- Task details -
Would you output the listing exactly, with every image omitted?

- Data for analysis -
+---+
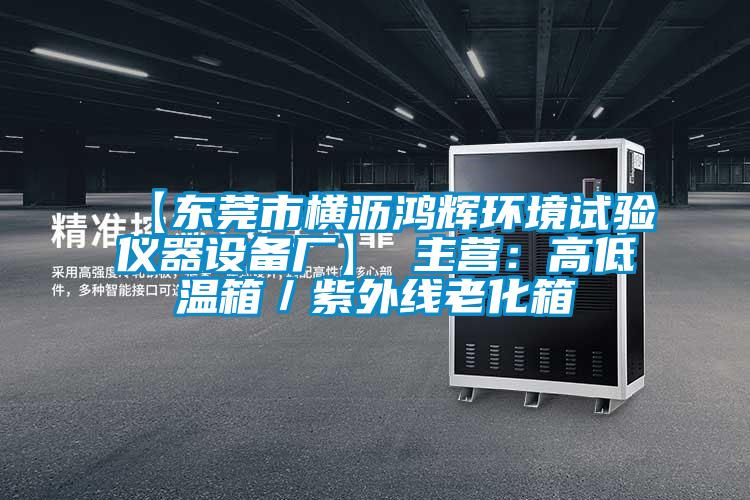 【東莞市橫瀝鴻輝環(huán)境試驗儀器設(shè)備廠】 主營:高低溫箱/紫外線老化箱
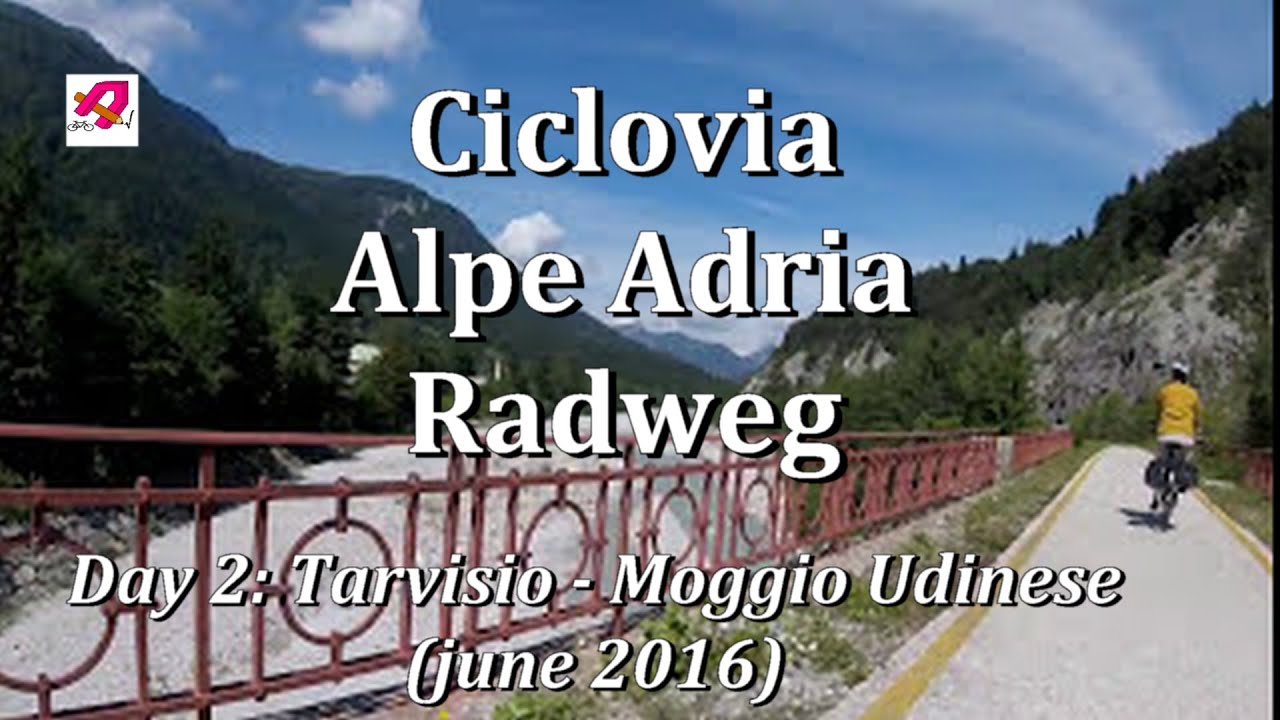 Alpe-Adria Radweg - Day 2 Tarvisio - Moggio Udinese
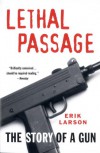 Lethal Passage: The Story of a Gun - Erik Larson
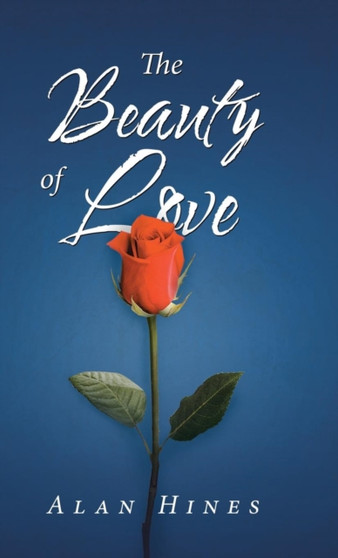 The Beauty of Love by Alan Hines - Hardback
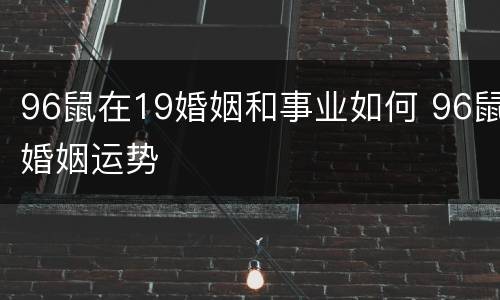 96鼠在19婚姻和事业如何 96鼠婚姻运势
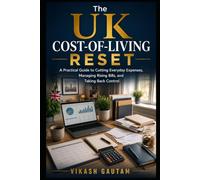 The UK Cost-of-Living Reset: A Practical Guide to Cutting Everyday Expenses, Managing Rising Bills, and Taking Back Control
+---+
- Expected answer -
 【東莞市橫瀝鴻輝環(huán)境試驗儀器設(shè)備廠】 主營:高低溫箱/紫外線老化箱
 Alpe-Adria Radweg - Day 2 Tarvisio - Moggio Udinese
 Lethal Passage: The Story of a Gun - Erik Larson
 The Beauty of Love by Alan Hines - Hardback
 96鼠在19婚姻和事业如何 96鼠婚姻运势
 The UK Cost-of-Living Reset: A Practical Guide to Cutting Everyday Expenses, Managing Rising Bills, and Taking Back Control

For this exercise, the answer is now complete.